Рассказывал он на уроке про крестьянские восстания при Екатерине Второй. И почему у него такой заскок вышел, не знаю! Что ни фраза, то «бун»: «Крепостные подняли бун», «Бун разгорелся», «Перекинулся бун». Все хихикают, а Колька не понимает. Растерялся и закончил так же: «Бун был жестоко подавлен огнем и мечом».

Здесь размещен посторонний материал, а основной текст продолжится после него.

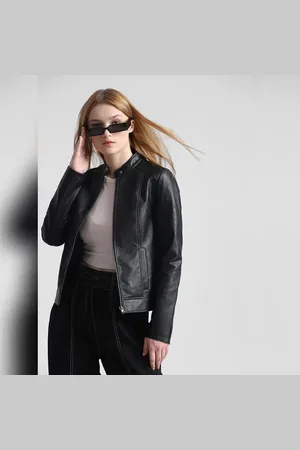 ONLY Black Faux Leather Biker Jacket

Клавдия Корнеевна вызвала Кольку к доске и попросила последнюю фразу мелом написать. Он и на доске это свое «бун» вывел. Смеху было!..
Я сижу и думаю: все, пропал мой Колька! Нету Кольки Зыкина! Бун появился! И точно — на первой же перемене его раз десять Буном обозвали.
Я, конечно, в драку. Друг же! Колька в таких делах — полный телок! Молчит. Сидит и вздыхает, самому себе удивляется: почему он букву «т» в слове бунт проглотил? Воевал я, воевал и бросил. Один против класса не выстоишь!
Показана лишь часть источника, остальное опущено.